10 years, 9 months ago.

Distortion square wave

I am trying to generate a square wave with PWMOUT. But when i increase the frequency, the wave would have distortion. what causes this problem? And, if the frequency is over 50KHz, there's no wave coming out. Why? How can i get higher frequency, such as 50MHz.

What are you using to view the square wave?

posted by Amador Valley High School Robotics Team 08 Jul 2013

1 Answer

10 years, 9 months ago.

I assume you are using the LPC1768. With default mbed libraries you should be able to get a signal up to 500kHz at 50% duty cycle. If you mean by distortion some overshoot for example, that isn't really a problem. If you are using a probe on your scope that can also create overshoot if it isn't properly compensated (should be a little screw on top of the probe connector).

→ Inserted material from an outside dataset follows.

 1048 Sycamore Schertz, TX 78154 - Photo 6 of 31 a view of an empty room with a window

With http://mbed.org/users/Sissors/code/FastPWM/ you can get PWM frequencies up to 48MHz at 50% duty cycle.

Accepted Answer

Thank you very much. Yeah, I'm using LPC1768. But why can I only get a signal up to 500KHz with default mbed libraries? And I also used FastPWM, which did increase the frequency. So what's the difference between the two libraries? For the distortion, I still don't know what cause this ? I meant that when the frequency was high, the waveform would change from sqaure to triangle almost. Thanks again. I'm a bigginer in this field.

posted by Shenghao Feng 08 Jul 2013

If it went from square to something like sine/triangle, you probably have either a large capacitive load on it, or your measurement device simply isn't fast enough.

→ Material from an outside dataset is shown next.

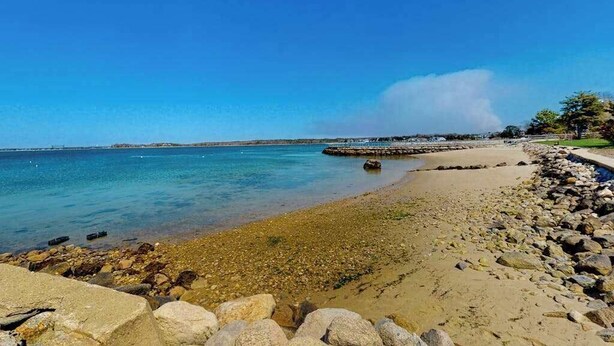 Una platja amb aigua cristal·lina, un litoral rocos i un moll allunyat.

The reason it is 500kHz with default library is that it has 1us resolution. So 1us high, 1us low = 500kHz. The hardware can get up to resolution of a clock period. Clock runs at 96MHz, and FastPWM allows for that resolution. So then you got 1 clock cycle low, 1 clock cycle high = 48MHz.

posted by Erik - 08 Jul 2013

Thanks! That really helps.

posted by Shenghao Feng 08 Jul 2013

Hi, I'm trying to understand the code of FastPWM.cpp in order to figure out how it allows pwm to generate 48MHz, since the PwmOut can only be up to 500KHz. I would really appreciate it if you could explain that code to me! Thank you!